PNP Transistor Biasing resistor calculation

[KerimF]

The typing error was just R1 had to be R2 on the last 3 lines.
R2 = ( 5 - 0.7 ) / 1.189 = 4.3 / 1.189 = 3.62 right?

 

[mailus]

YES,but

R1 = 0.7 / 0.4 = 1.75 Kohm , [calculated_4]

so I_r1= Vbe_q1/R1

I_r1=0.7/1.8K only (not 0.7/1.8)

I_r1=388uA

I_r1 = 0.7 / 1.8 = 0.389 mA , [calculated_5]

so
I_r2 = Ib + I_r1 , [equation_3]
I_r2 = 0.8 + 0.389uA = 0.800389 mA , [calculated_6]

 

[KerimF]

Oh I see... you are confused by the Kohm

0.7 / 1.8 = 0.388 Amp
0.7 / 1.8K = 0.388 mA
0.7 / 1.8Meg = 0.388 uA

 

[mailus]

I am so Sorry.............

little bit confused.......
388uA=0.388mA

- - - Updated - - -

Can you help me how to point out this hfe value?

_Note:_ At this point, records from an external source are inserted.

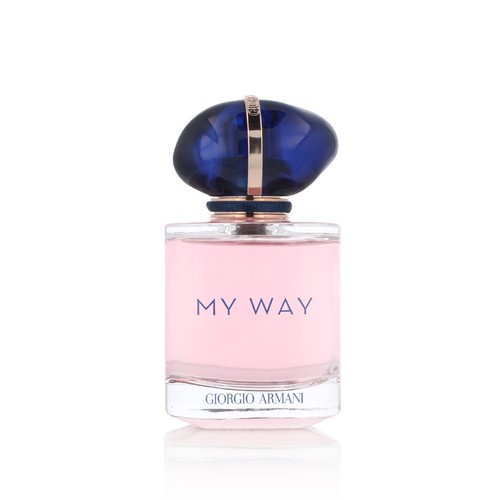 Armani giorgio way eau - my,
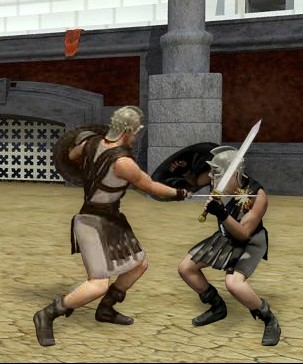 gladiator-game-gamezer-suck-7.jpg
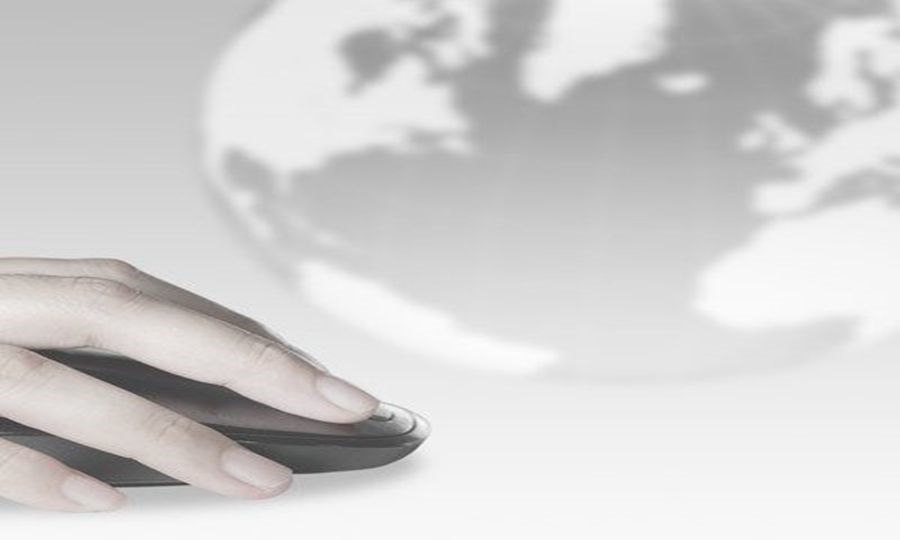 智布互联获1亿美金融资,纺织行业如何打翻身仗?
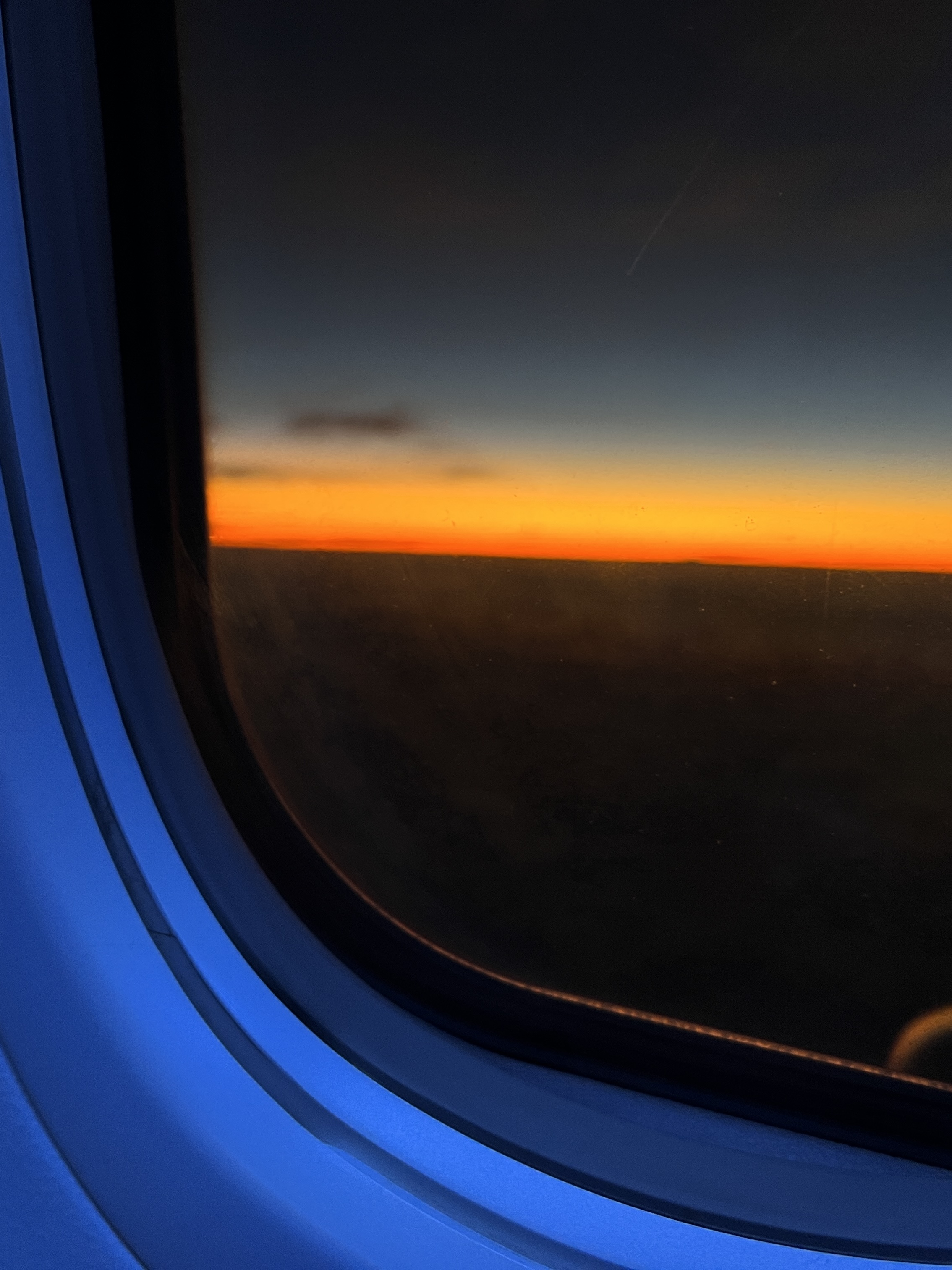 Chiangmai 清迈 DAY2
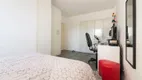 Foto 15 de Apartamento com 2 Quartos à venda, 86m² em Perdizes, São Paulo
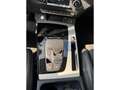 Audi Q5 Quattro 2.0 55 TFSI e - 367 - BV S-Tronic S line Noir - thumbnail 17
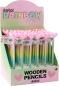 Preview: I-total bleistift regenbogen xl2055 - I-total-xl2055-8057711463718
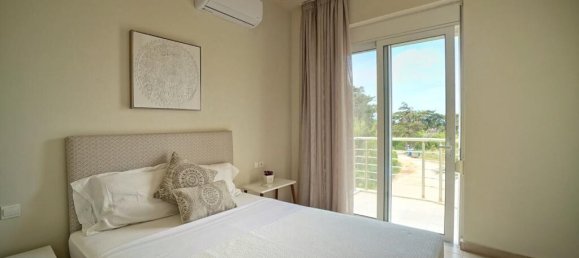 2 bedrooms Property in Platanias, Greece No. 3317 7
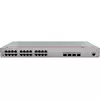 Switch Huawei S310-24P4X Photo 4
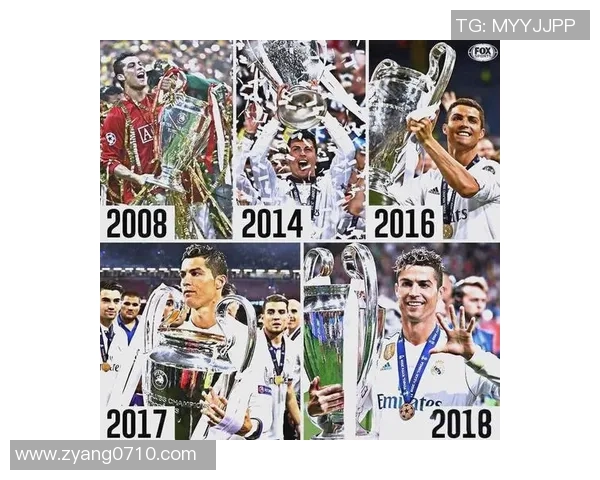 足球场上的传奇帅哥C罗是谁 他的成长历程与辉煌成就揭秘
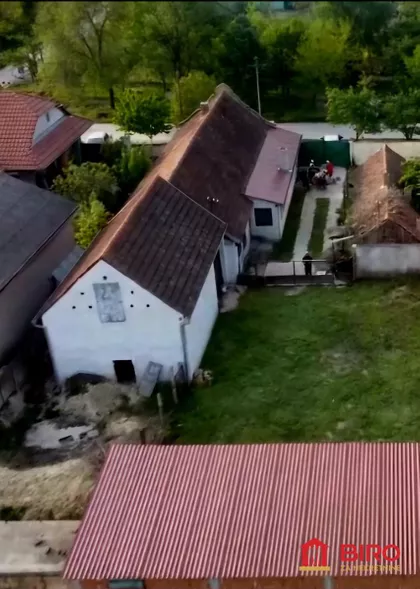 Kisač | 4zida.rs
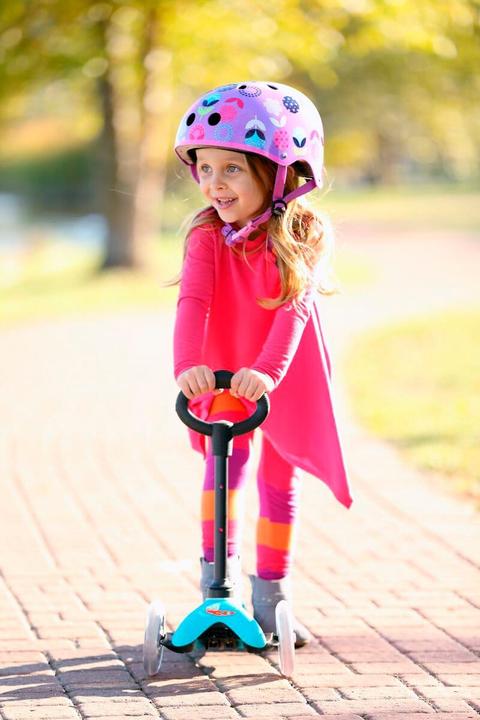 Image du produit Micro 3in1 Deluxe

In this case (saturated Q1), the ratio Ic/Ib could be estimated about 20.
G_i = Ic / Ib = 20 , [estimated_4]

 

[KerimF]

Can you help me how to point out this hfe value?

I will try

Let us see what happens if the current Ib is relatively big, say 100mA, and hfe is 200 (as read on the datasheet).
What could be Ic in this case?
Ic = hfe * Ib = 200 * 100 = 20,000 mA = 20 A

In our simple circuit, here, this Ic value of 20A cannot be reached. So what is the limit of Ic in a real circuit supplied by 5V and the collector load is 1Kohm?

 

[mailus]

but in my circuit i only control 20mA. that is Ic=20mA.

so Ib=Ic/hfe;

Ib= 20 mA /200=100uA only;

then why we can't take hfe;

 

[KerimF]

Ok it seems my question on post #25 wasn't clear enough so you couldn't answer it.

if Rc is 1K (connected between Vcc and an NPN collector) and since the emitter (for this NPN transistor) is connected to ground, the current in Rc cannot exceed:
Ic_max = Vcc / Rc = 5 / 1K = 5 mA (in this case Vce = 0, actually it could be made close to zero but not zero)

If you get the point, you see that even for Ib = 100 mA, Ic (in this example) cannot exceed 5 mA and the ratio Ic/Ib = 5/100 = 1/20 ONLY
But even if we decrease Ib to 5 mA, Vce will still be close to zero hence Ic = 5mA and Ic/Ib = 1 only.

As you see, when the transistor is over-driven (or saturated, because Ib is relatively high), Beta is no more a characteristic of the transistor but it is defined by the external circuit of the transistor. In this case, Vce is always close to zero and Ic is almost constant and equals to Vcc/Rc.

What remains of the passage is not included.